O romântico que lia Bukowsky

Às vezes sentimos dificuldade em encontrar tema para uma crónica. Na semana passada, em véspera de a enviar para o Diário do Minho, ainda sem tema escolhido, eis que, infelizmente, ele surgiu em todos os noticiários – MARADONA. Voltei à década de 80 e a crónica fluiu naturalmente, porque sentida.
Para o Terras do Homem, devido ao feriado, pediram-me a crónica até domingo. Estava no meu local predileto de leitura e escrita – varanda com vista para o Cávado – quando toca o telemóvel e um colega professor e escritor me pergunta se estou em casa pois tinha a sua última obra para entregar. Agradeci, pensando, só ele, um autêntico inconformado com a normalidade – José Carlos Barros dixit – seria capaz de arriscar a “vida” e a “carteira” atravessando um concelho – em pleno período de confinamento – para cumprir promessa que ia sendo adiada. Recebido o livro, devidamente autografado, às 10h30, regressei ao “meu poiso” e dei inicio à leitura das 144 páginas que o compõem, tendo-o terminado pelas 12h40…a tempo de perceber que tinha encontrado o tema para o meu artigo.

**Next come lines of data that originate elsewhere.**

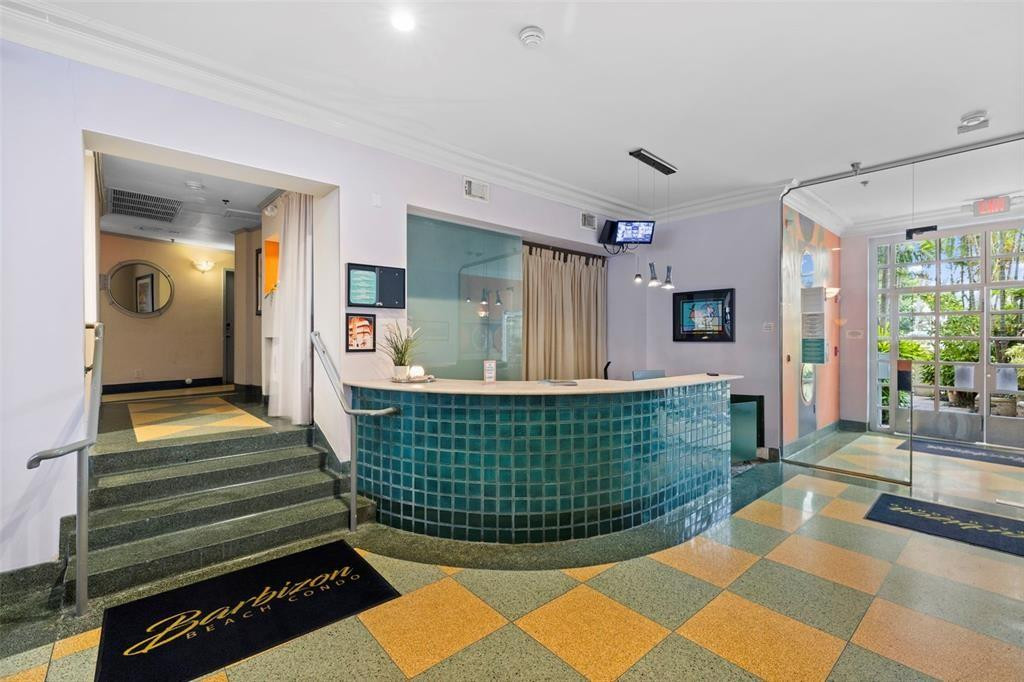 BARBIZON BEACH CLUB - Residential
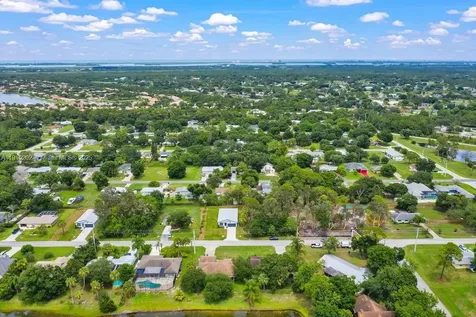 8000 Citrus Park Boulevard Fort Pierce FL 34951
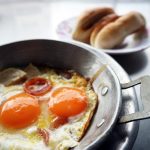 Telur rebus setengah matang di piring sarapan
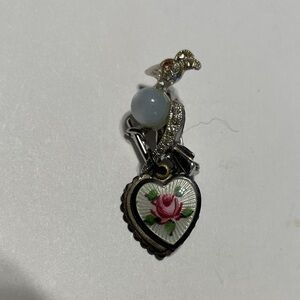 Elegant Silver Heart Pendant with Rose Design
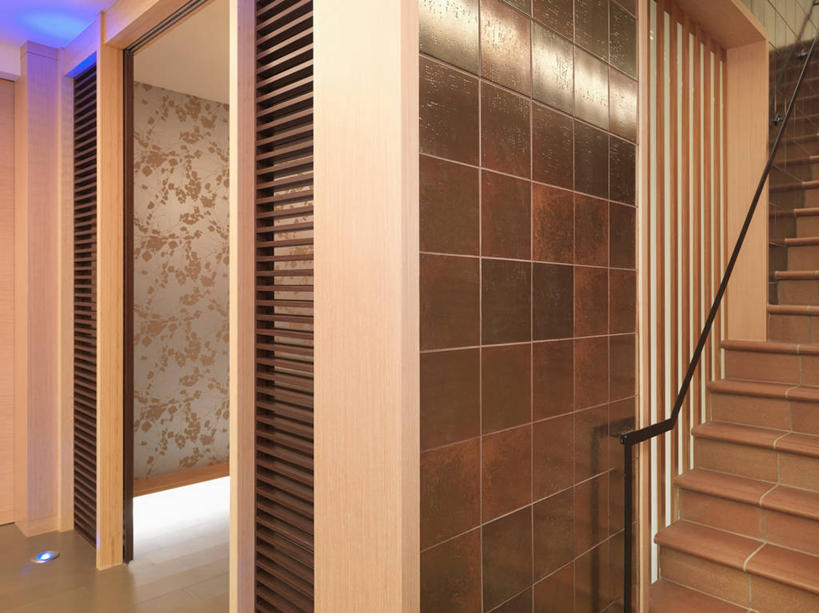 无人,家,栏杆,横图,室内,白天,正面,建材,别墅,家具,楼梯,门,装修,建筑,欧式,阴影,装饰,反射,材料,瓷砖,扶手,影子,房屋,阶梯,墙,屋子,公寓,豪华,建设,现代,装潢,洋房,护栏,楼房,墙砖,墙壁,墙面,台阶,住宅,黄色,门框,室内装潢,建造,样板房,明亮,舒适,家居装潢,房屋设计,地中海风格,古典风格,简约风格,室内设计,宽敞,样板房装潢,设计,彩图,房子,墙面砖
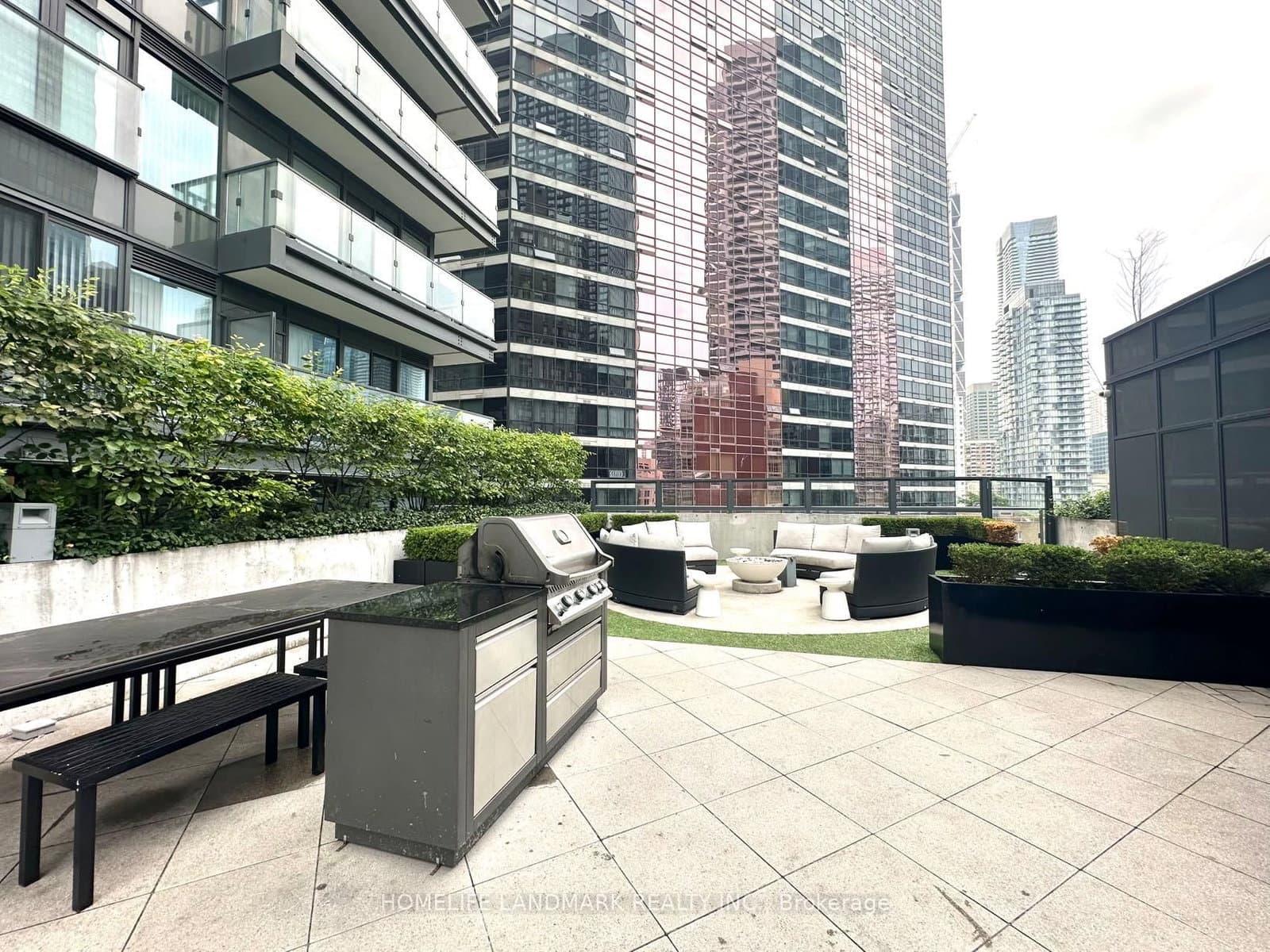 955 Bay Street, Unit 2912 thumbnail 23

Voltando ao livro, enquanto o “bebia”, via o autor plasmado em inúmeros capítulos o que me levou até a duvidar – excetuando o último – quais seriam os de ficção. O facto de o personagem principal se chamar Carlos não fez com que me revisse nele – embora às vezes, confesso, apetecesse – a não ser em alguns momentos de escrita e na muito breve passagem que também ele fez pel’O CAMINHO de SANTIAGO.
Resumindo, li-o de um fôlego pois percebi também que um professor, (ex)político por opção, escritor, com ligação ao futebol de formação e sempre inconformado com os caminhos que levam as diferentes áreas em que labora, podia dar pano para (o) Mangas escrever. Fui, no entanto, levemente surpreendido com um romance autobiográfico – que em parte esperava – onde as diferentes funções que tem assumido ao longo da sua vida surgem apenas em breves referências, seja a colegas de profissão, a meninas que procuram avaliações utilizando dotes que não os escolásticos, ou a Bukowsky que, ao que consta, e assim termina o livro, terá jogado no Sporting (…).
Caro Zé Ilídio, parabéns pelo testemunho em que espelhas muitos dos teus sentimentos. Em alguns capítulos, acredito, é um verdadeiro livro aberto da tua intensa e vivida vida. Aguardo os próximos onde, romanceando também, possas ajudar políticos, professores, treinadores e/ou simples candidatos a escritores a darem o melhor de si como tu, tão bem, fizeste. Finalizo com uma referência à aba. Dos dois excertos, escolhi o teu por ser – numa fase em que o futebol vê tanta gente partir – uma ode à vida “…Carlos não queria que não sobrasse nada de si para morrer. Queria viver intensamente cada momento, mesmo que a morte o levasse no dia seguinte. Se isso acontecesse, e tivesse vivido com prazer o dia anterior, teria valido a pena. (…)
“O romântico que lia Bukowsky” é o livro de que falo. José Ilídio Torres com quem trabalhei no SC Braga, é o autor.
Juntos, são UM SÓ e, acreditem, valem a pena.